All Headlines 09:04 June 15, 2020

SEOUL, June 15 (Yonhap) -- South Korea said Monday it will revamp its regulations to prevent possible illegal fishing activities by South Korean-flagged boats operating overseas, after the country had been on the verge of being labeled as one of the nations engaging in unregulated fishing.

Previously, inspections had been carried out for illegal fishing activities only on foreign-flagged boats arriving in South Korea.

The new measure will be implemented on the first batch of 12 deep-sea squid fishing boats in July, according to the Ministry of Oceans and Fisheries.

In September 2019, the U.S. made a preliminary decision to name South Korea as a country that engages in illegal, unreported and unregulated (IUU) fishing, after a South Korean boat was caught doing unauthorized fishing near the Antarctic.

The decision was later lifted in January, but South Korea has been making efforts to bolster its control over illegal fishing activities to prevent similar incidents from recurring.

The European Union made a similar decision on South Korea in 2013, which was lifted in 2015.

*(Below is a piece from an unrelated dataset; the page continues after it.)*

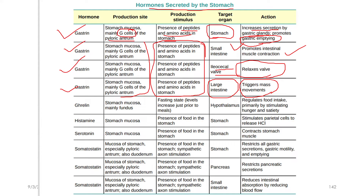To summarize gastrin: it is produced by G-cells of the stomach. Its stimulus is the presence of proteins or peptides and amino acids. Its functions include gastric gland secretion stimulation, muscle contraction in the small intestine, and mass movement in the large intestine.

Local authorities plan to especially beef up surveillance on poaching of banned marine creatures, such as sharks and whales, by South Korean boats.

The ministry said it will also hand out official maps of the exclusive economic zones for fishing boats to prevent potential conflicts on waters.

For fishing boats without an authorized fisheries observer on board, the ministry plans to monitor their activities through video surveillance systems.

Fishermen search for tuna on the open sea in this undated file photo released by the Korea Overseas Fisheries Association on March 11, 2019. (PHOTO NOT FOR SALE) (Yonhap)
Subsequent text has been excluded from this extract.